New Connecticut laws have gone into effect that generally increases access by the citizens of the state to alcoholic beverages. However, one new law will actually have the effect of countering federal legislation. The laws will affect the following issues:
- The hours during which the sale of alcoholic products are allowed
- The locations where alcoholic beverages can be sold
- The type of alcoholic products that are available
One new law expands the hours during which alcoholic products can be sold at package stores and other locations. Such purchases can now be made until 10 p.m. on weekdays and Saturdays and until 6 p.m. on Sundays. The law, which took effect on July 1, adds an additional 60 minutes to the hours during which such purchases are allowed.
In terms of where alcoholic beverages can be purchased, another of the new Connecticut laws allows restaurants, cafes, and taverns to sell sealed containers of draught beer that can then be consumed off their premises.
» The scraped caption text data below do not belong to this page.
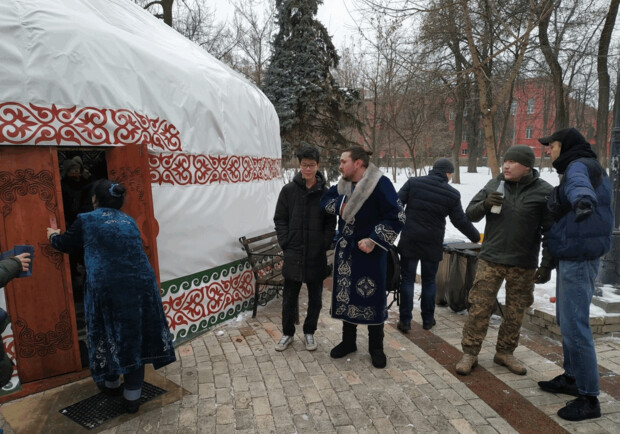 У центрі Києва з'явилася казахська "юрта незламності" - фото. 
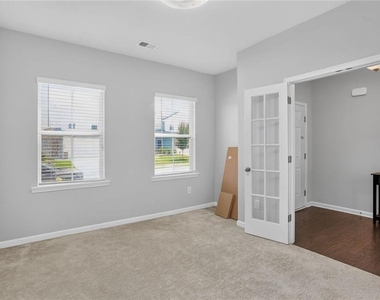 616 Blue Ash Court - Photo Thumbnail 4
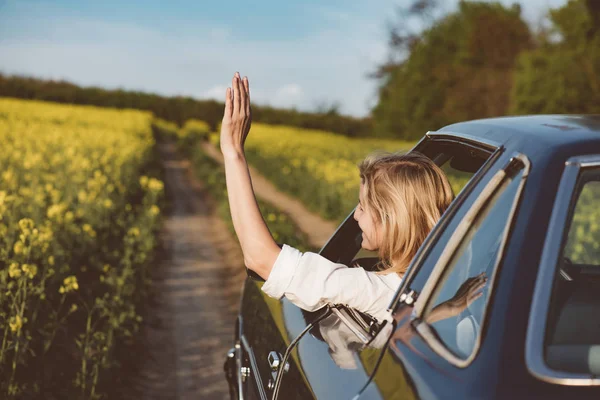Vrouwelijke bestuurder op road trip — Stockfoto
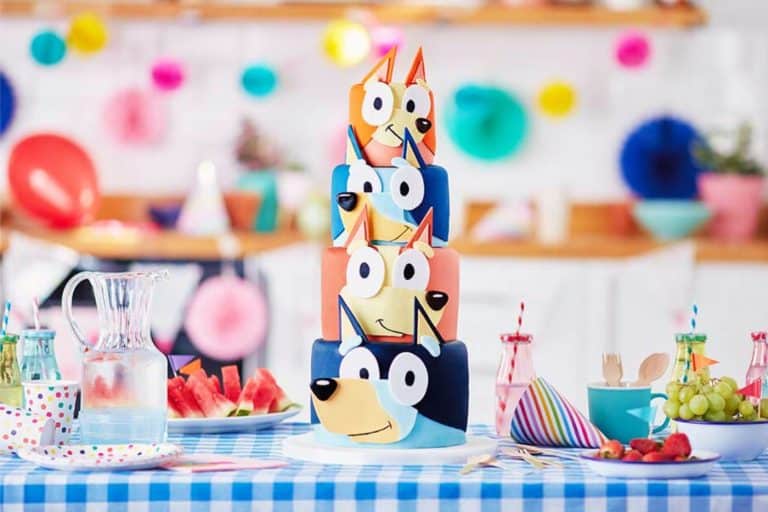 gateau à étage pate à sucre bluey bingo bandit chili dessin animé disney table fête anniversaire enfant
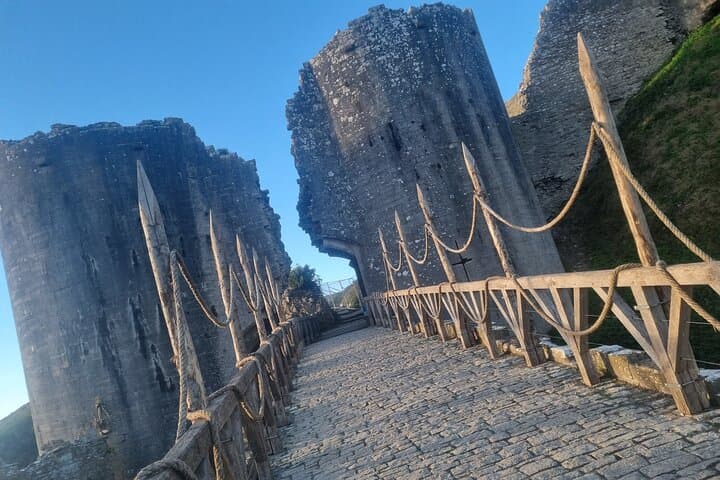 Dorset Coast Full-Day Tour: Durdle Door, Lulworth Cove & Corfe Castle photo 2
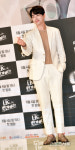 너도 인간이니 이준혁 하트 보냅니다[포토]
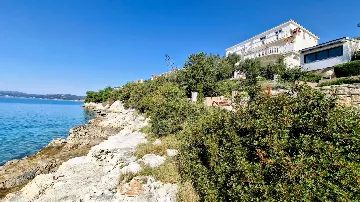 Beachfront Guest House in Okrug Donji for 8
Although the new law should delight the users of “growler” containers, purchases are limited to four liters in a single day for anyone consumer. This should also be a boon to merchants that currently sell growlers and have special facilities designed to keep their products fresh and bubbly for a longer period of time. Prior to the implementation of the new law, such restaurants as the Southport Brewing Co. could only sell their own brands of beer.
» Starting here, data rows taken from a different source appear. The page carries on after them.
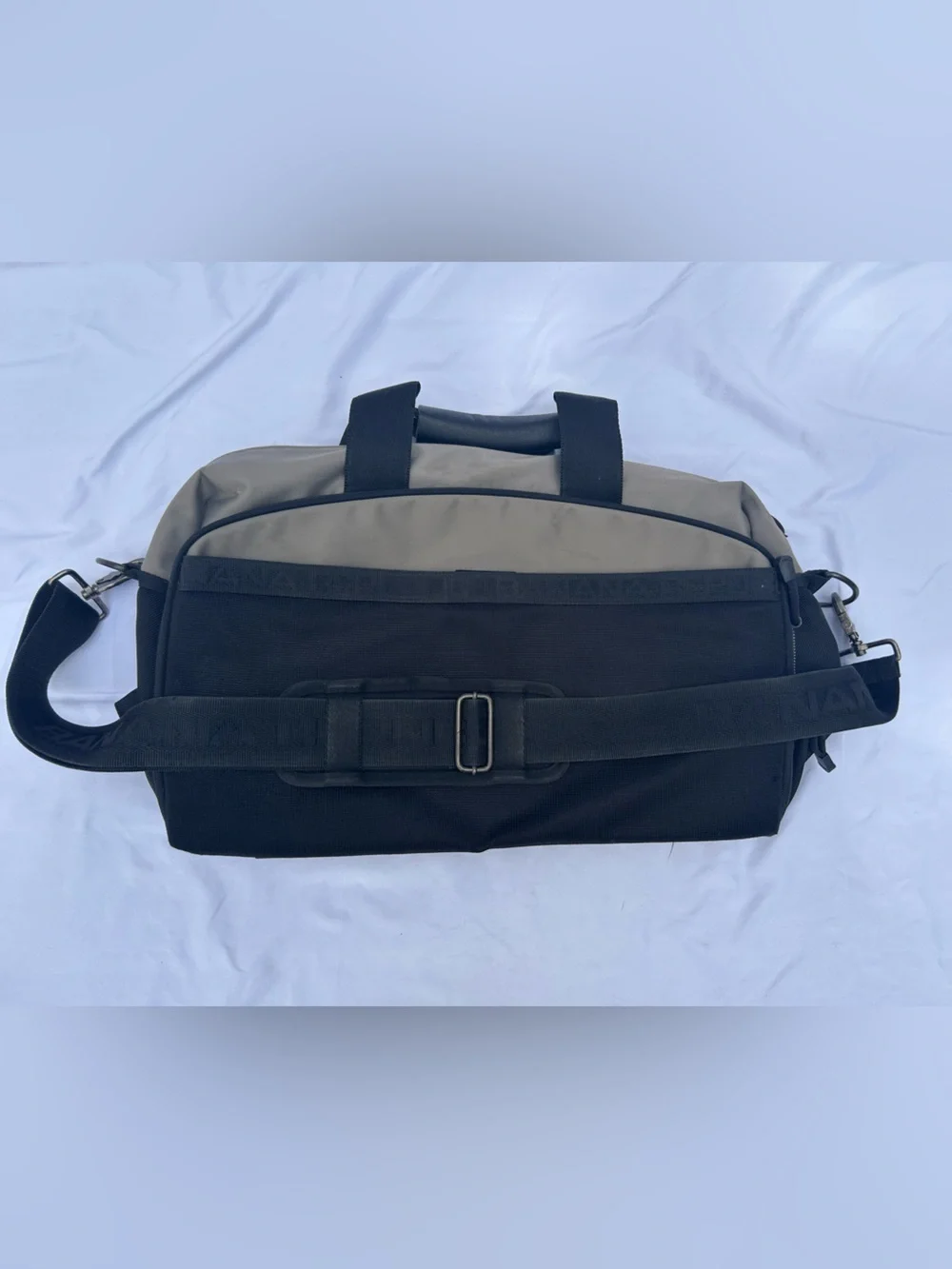 Banana Republic Gray Crossbody Messenger Bag - Modern Commuter Carry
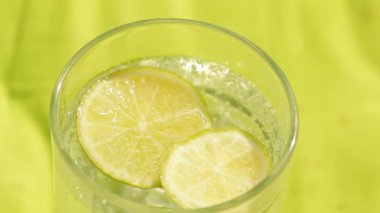 bardak maden suyu ve limon ferahlık arka plan
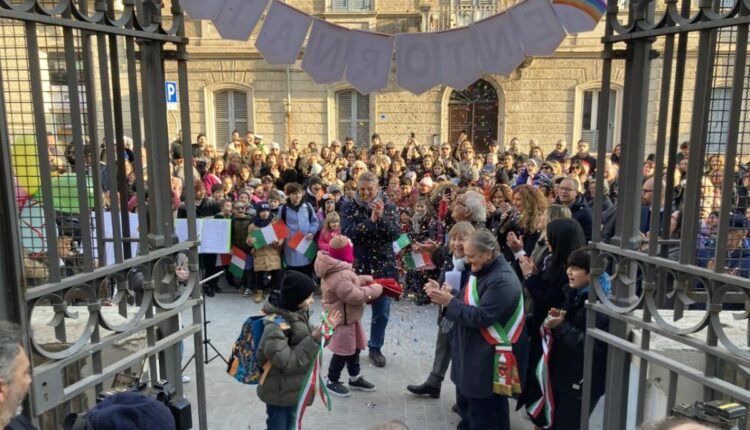 Ancona: Riapre la scuola De Amicis, dopo 16 mesi i bambini tornano in classe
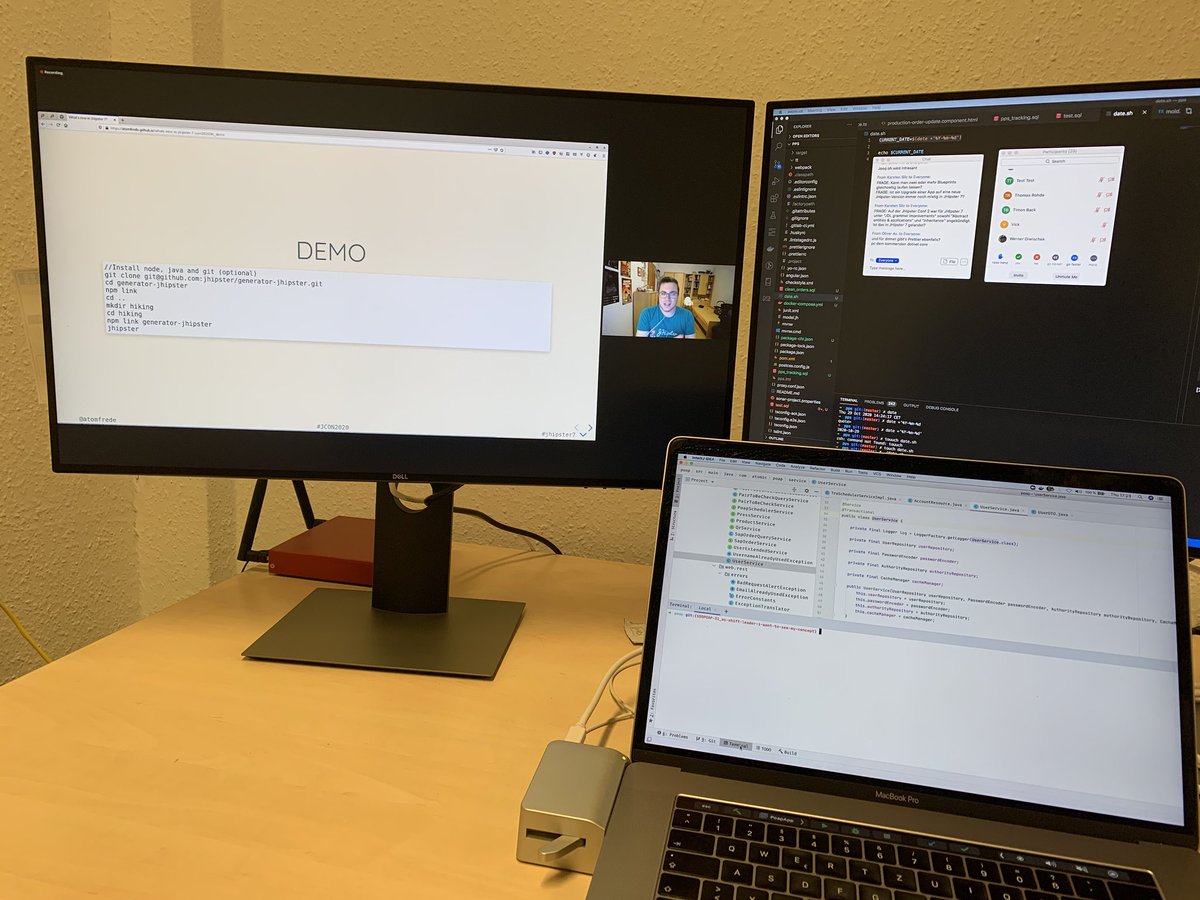 Demo time <a href="/jcon_conference/">JCON</a> with @atomfrede and <a href="/jhipster/">JHipster</a> V7 😃🥳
Recent legislation has also led to changes in the licensing of those who sell alcoholic products. A single person will now be allowed to have four liquor licenses, up from the previous limit of three. The number of licenses allowed will be increased to five beginning next July.
Among the new alcohol laws, one is restrictive with regard to both sales and possession. Legislation that was recently signed by Gov. Daniel Malloy outlaws powdered alcohol. Known as palcohol, the substance is available in small packets and, when mixed with water, becomes an alcoholic beverage. Opponents of the product had expressed concern because of the wide use of palcohol by minors. One concern was that the small packets could easily be smuggled into schools, concerts, or other locations frequented by minors, and another was that the product itself could be snorted dry, which could, in turn, lead to an assortment of health problems. The new law provides for a fine of $100 for the first-time purchase or possession of palcohol, and a fine of $250 for those convicted of selling the product. Connecticut has joined a number of states across the nation, including nearby Vermont, in restricting powdered alcohol.
Knowing the law when it comes to a substance such as alcohol can help to prevent unwanted legal situations. While some of these new laws will relax some restrictions, it is important to exercise control with a substance like alcohol. We here at Carter Mario always advocate for responsibility in these situations and hope you do as well.